A Human Face on the Proposed Cuts to Medicaid Eligibility
“The thought of losing HUSKY coverage turns my stomach,” said Ms. Julieta Flores-Bravo, a mother of two from Bridgeport. If the Governor’s proposed cuts in HUSKY eligibility—Connecticut’s Medicaid program—for working parents and pregnant women goes through, both she and her husband would lose their coverage.
On paper, these cuts might seem reasonable. Working parents between 138% and 201% of the Federal Poverty Level (FPL) could purchase subsidized commercial insurance on Connecticut’s exchange, Access Health CT. So what makes Ms. Flores-Bravo’s stomach turn?
In reality, these cuts would be harmful to people who cannot afford the financial burden and reduced access to health services that would come with commercial insurance. Up to 34,000 low-income parents—enough to fill the XL Center twice—and some pregnant women would lose their eligibility. Analysis commissioned by the Connecticut Health Foundation estimates up to 10,000 of those parents would become uninsured.
For Ms. Flores-Bravo and her husband, their HUSKY coverage helps them to care for their two children, a son and a daughter. As they try to make ends meet every month, HUSKY coverage means there is “one less bill we have to worry about,” and that money can be invested in the well being of their children. If they lost HUSKY coverage and had to pay for commercial insurance, their cost would increase greatly. On average, the parents made ineligible by the cuts will face increased costs of $1,900 annually according to the analysis. The family helps their daughter who is in college. While she qualifies for some financial aid, her parents help her to cover books and living expenses. Such investment in their daughter’s education would stop if they also had to pay for commercial insurance.

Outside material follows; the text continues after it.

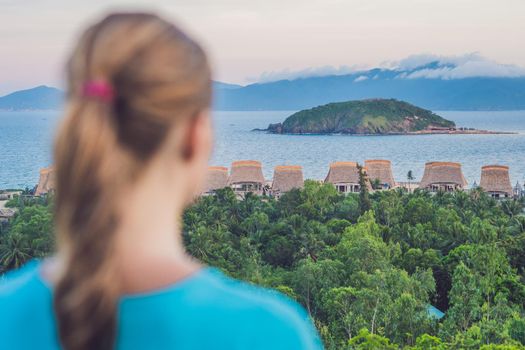 A young woman looks at the sea. Focus on the sea.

With HUSKY coverage, Ms. Flores-Bravo said her family has, “No excuses for not visiting the doctor versus waiting to become ill.” Ms. Flores-Bravo suffers from chronic asthma, as does her son. HUSKY coverage lets her obtain the prescription medications and the visits with an allergist she needs to stay healthy and care for her children. With commercial coverage, however, she would have cost sharing barriers to affording these medical services. Ms. Flores-Bravo worries she could be forced to rely on the emergency department, where “everyone knows that you cannot be denied services.”
Ms. Flores-Bravo views her health in the context of her family. “If I am not well to take care of my son, then who is?” she said.